Flyover: Fuel station proprietor seeks Shs1.5b over lost business

Construct works of the Kampala Flyover project at the Queen’s way/Clock Tower in Kampala in April. PHOTO | ABUBAKER LUBOWA 

The owners of Total Clock Tower are seeking Shs1.5b as compensation for losses suffered over two years due to the lack of business brought about by the construction of the Kampala Flyover project.

Works on the project commenced in December 2018, with the completion of the first phase expected to be done by March 2023. 

However, the construction of the Shs224 billion project, which includes the flyover, the attached roads, improved and widened drainage system as well as pedestrian walkways, has affected several businesses in its wake.  

 “Our client is the holder of a dealership licence for the operation of a fuel station known as Total Clock Tower Service Station. The station is located along the Nsambya-Gaba Road and has been in existence for over 50 years,” a December 6 letter from the fuel station’s lawyers to Shimizu-Konoike Joint Venture, the Japanese firm constructing the flyover, reads in part.

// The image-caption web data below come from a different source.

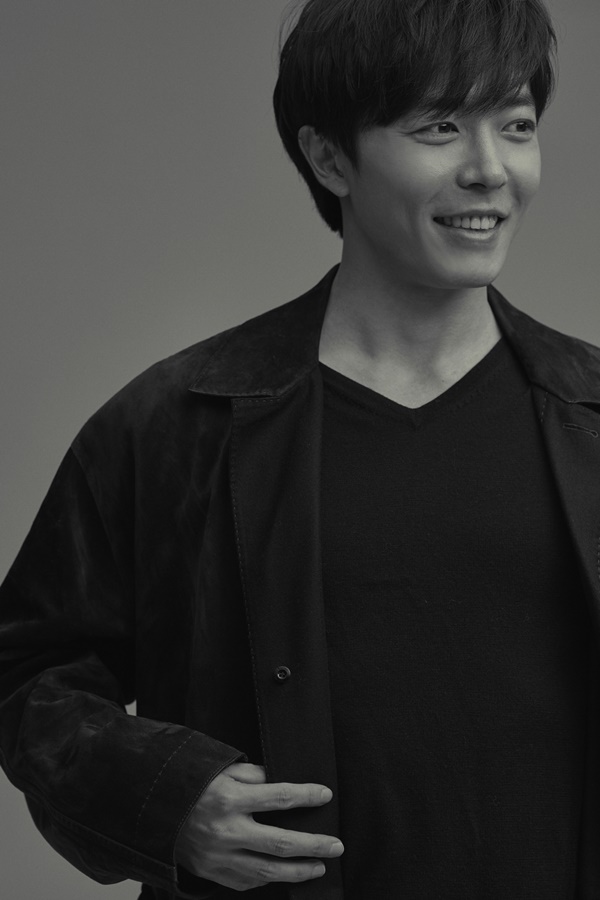김재욱은 "후회없는 선택을 하는 배우가 되고 싶다"고 말했다. 제공ㅣ매니지먼트숲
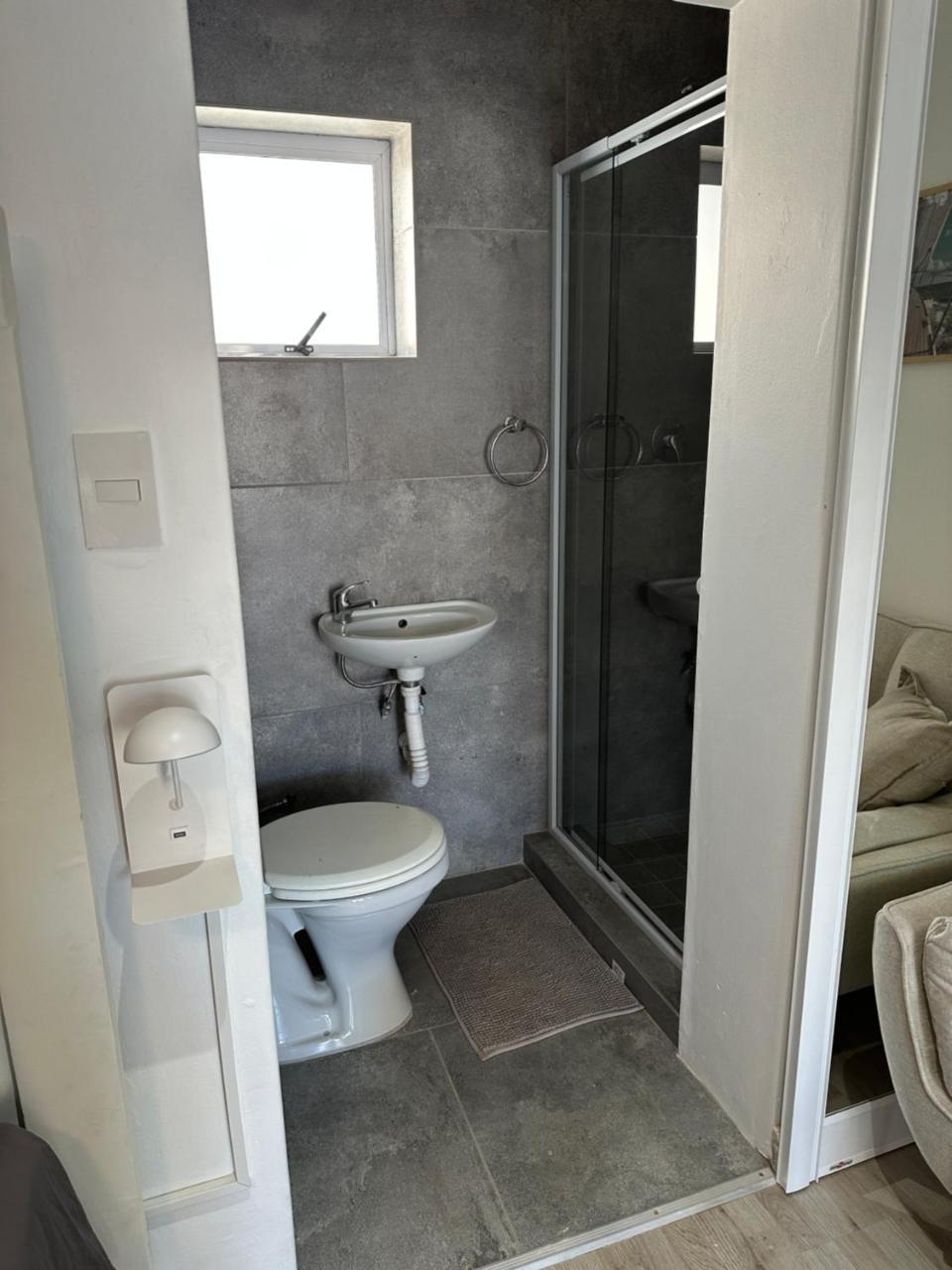 Skypool Guesthouse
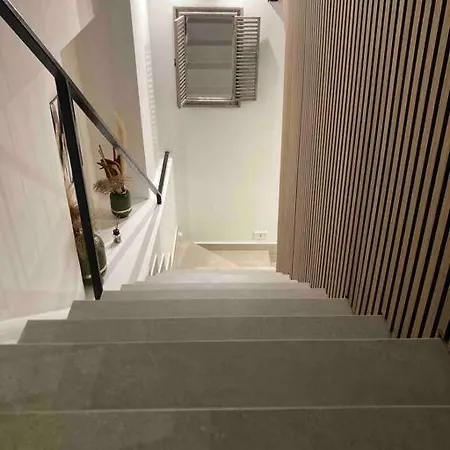 Апартаменты Center And Station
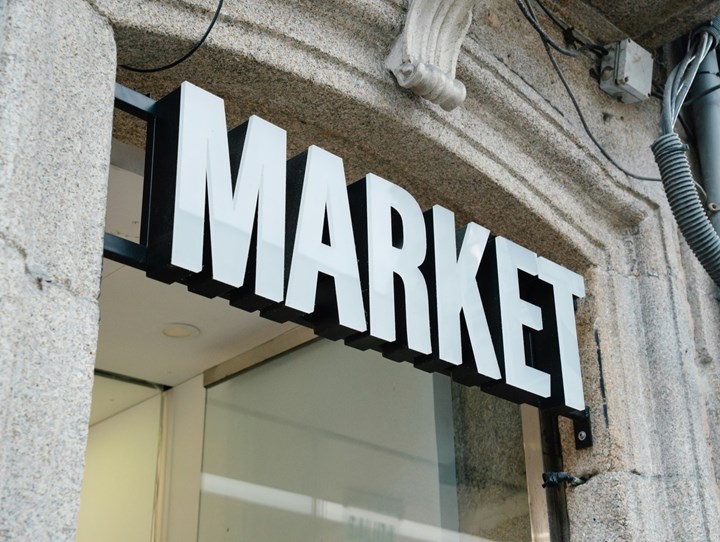 market-sign-unslpash-1800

“Sometime in 2020, your company commenced construction of the Kampala Flyover and Roads Upgrade project which partly runs along the Nsambya Ggaba Road. Unfortunately, the project has adversely affected our client’s operation of the service station from May 2020 until June 2022 when he was forced to completely shut down operations,” the letter adds

It further states: “Consequently, our client has suffered financial loss for which he holds your organisation entirely liable. We are now instructed to demand as we hereby do Shs1.5 billion which is the loss suffered so far.”

Mr Allan Kiggundu, the proprietor of the fuel station, said the plan designed and approved by Uganda National Roads Authority (Unra) showed that during the division of roads, an exit and entrance, as well as signposts showing the company’s business would be provided by the site engineers. He was, however, provided with the entrance only a few months back but it is always blocked by the contractor’s materials or flooded.

“We have tried to work hand in hand with them to see whether there is a possibility of creating an exit for us because we have clients who have big trucks which can’t turn in small areas. And due to safety issues this is not possible,” Mr Kiggundu told Daily Monitor last week. The fuel station also houses a restaurant and supermarket as well as a washing bay and tyre clinic but due to the ongoing works, sales have dropped by more than 80 percent.

“In that profit margin, we cannot pay back loans which we got from Centenary Bank (Shs50m) and Equity Bank (Shs100m),” he said, urging Unra executive director, Ms Allen Kagina, to intervene so that his company is enabled to restructure the loans.

But Unra’s head of bridges and structures, Mr Lawrence Pario, urged Mr Kiggundu to ‘pursue the business loss with Shimizu-Konoike’.

“Reference is made to your letter dated November 11, in which you complain of business loss…. We have reviewed your complaint and communicated the same to the contractor who should have provided access to enable your business to operate normally but they did not,” Mr Pario writes in a December 5 letter to Mr Kiggundu.

Efforts to get a comment from Mr Oshima Tomuyuki, the project manager, were futile by press time as he was yet to respond to queries sent to his official email address.